The SBAC is new to everyone, so this first year will most likely be full of much consternation and headaches for educators and students. As in any new thing, my advice to teachers is to go in as informed and prepared as you and your students can be, and accept the inevitable fact that issues will arise that you didn’t even consider. Don’t beat up on yourself or your students. Learn from the experience and make changes to improve the process over time. Also, There will be complaints about the sorry state of education and how awful the Common Core is and there will be an appeal to go back to the basics, whatever they are/were.

The “basics” have changed. The predominant metric that we have traditionally used to assess students is the ability to get a correct answer quickly. We have many tools that can give us an “answer”. The tools that our students (and we) lack are the habits of mind that are needed to persevere and solve non-routine problems. These habits are encapsulated in the 8 Practice Standards:

# 1 Make sense of problems and persevere in solving them.

# 2 Reason abstractly and quantitatively.

# 3 Construct viable arguments and critique the reasoning of others.

# 4 Model with mathematics.

# 5 Use appropriate tools strategically.

# 6 Attend to precision.

# 7 Look for and make use of structure.

# 8 Look for and express regularity in repeated reasoning.

The most important change that we need to make as educators in order to prepare our students for success on the SBAC is not the content that we teach. The most important instructional change we can make is to teach our students how to persevere in solving a problem.
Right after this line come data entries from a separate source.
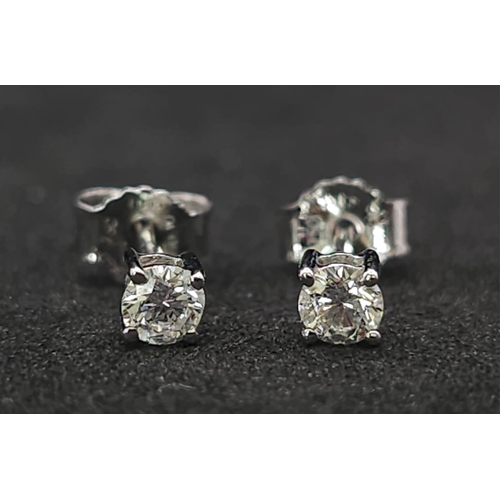 582 - A Pair of 18K White Gold Diamond Stud Earrings. 0.2ctw. As new. 0.51g total weight.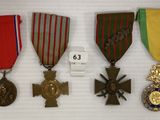trois médailles et une croix sont exposées sur un socle blanc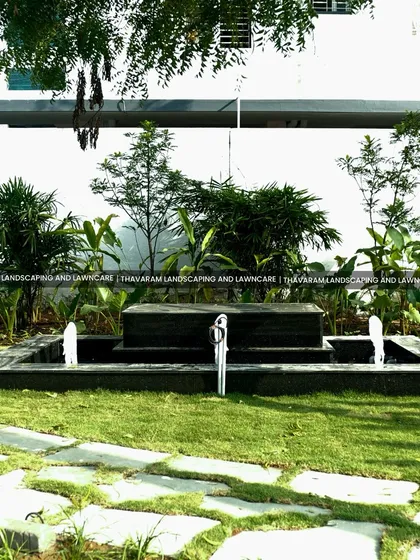 A water feature can transform a garden into a tranquil sanctuary. I installed this elegant, dark stone fountain as a calming focal point, surrounded by a manicured lawn and a variety of green foliage to create a peaceful atmosphere.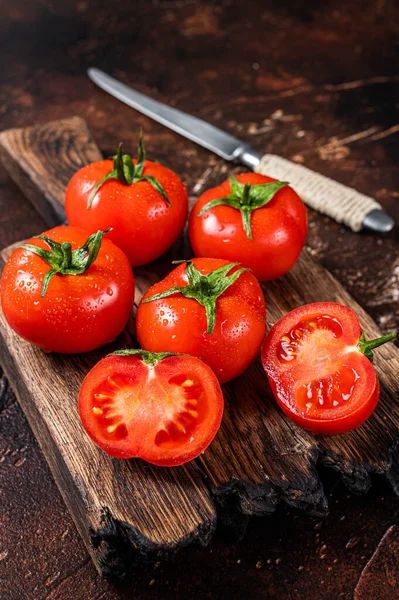 Rote Kirschtomaten auf einem Holzschneidebrett schneiden. Dunkler Hintergrund. Ansicht von oben — Stockfoto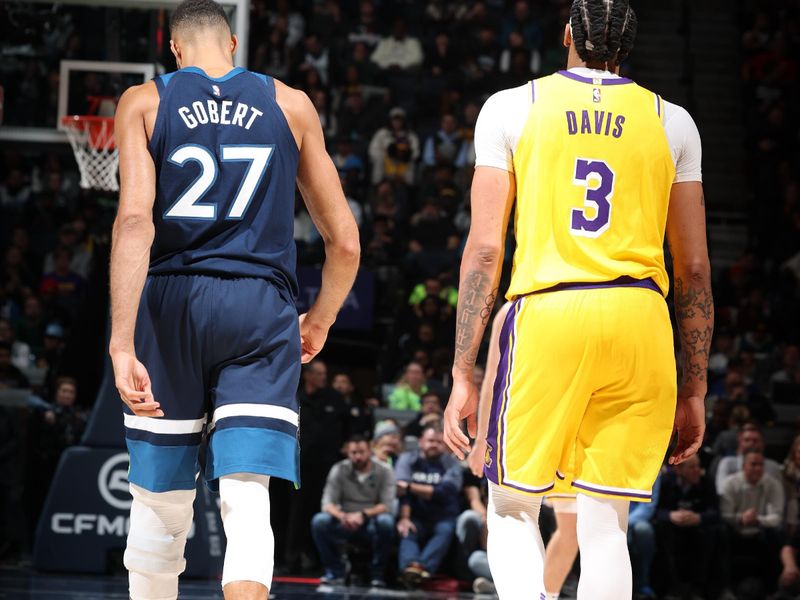 MINNEAPOLIS, MN -  DECEMBER 13:  Rudy Gobert #27 of the Minnesota Timberwolves and Anthony Davis #3 of the Los Angeles Lakers look on during the game on December 13, 2024 at Target Center in Minneapolis, Minnesota. NOTE TO USER: User expressly acknowledges and agrees that, by downloading and or using this Photograph, user is consenting to the terms and conditions of the Getty Images License Agreement. Mandatory Copyright Notice: Copyright 2024 NBAE (Photo by David Sherman/NBAE via Getty Images)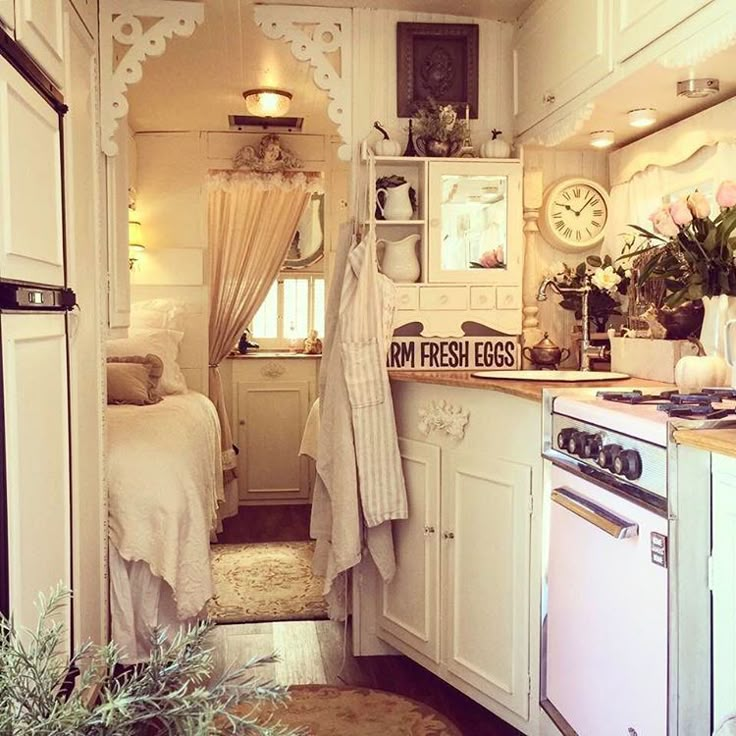 a small kitchen with white cabinets and appliances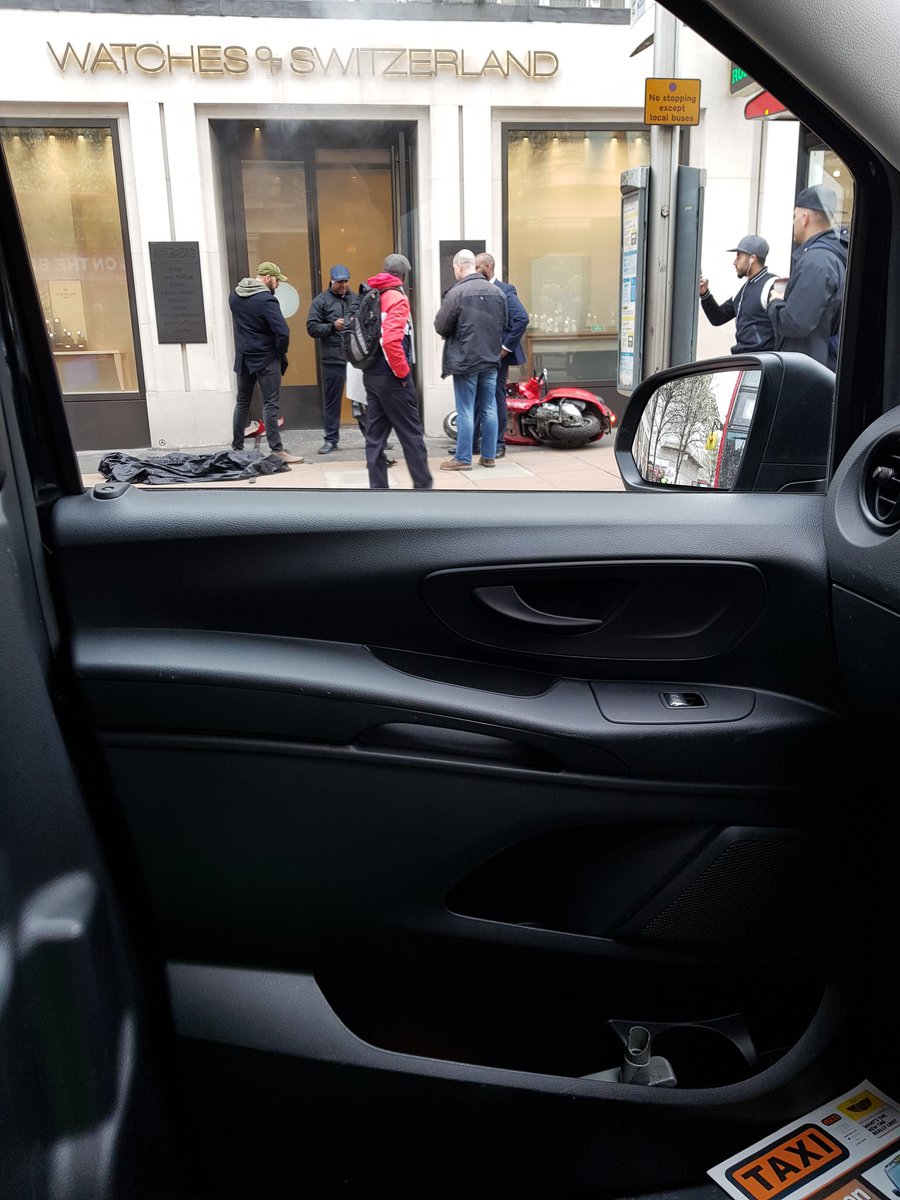 Moped bike gang armed with machetes rob luxury London watch store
As we looked through the test resources, it became clear that there are some problems that are asked in very different ways than we and the students are used to. In order to correctly answer the questions, students need to be creative problem solvers. Here’s an example of a 6th grade task. Students are shown a square and told that the area of the square is 324 square units. The question asks for the length of a side.

This is a pretty straightforward question. The concept being assessed is that in a square the area is found by multiplying a side length by itself. However, while a calculator is provided for many problems, there was not one available for this problem. (Each problem is worked on a computer with one problem per page.) A teacher that I was sitting next to and I were surprised that there was no calculator, since we normally don’t expect students to have the square root of 324 memorized. In fact, I myself didn’t know it off the top of my head. However, I had some strategies that I have developed over the years that could lead me to the answer pretty quickly.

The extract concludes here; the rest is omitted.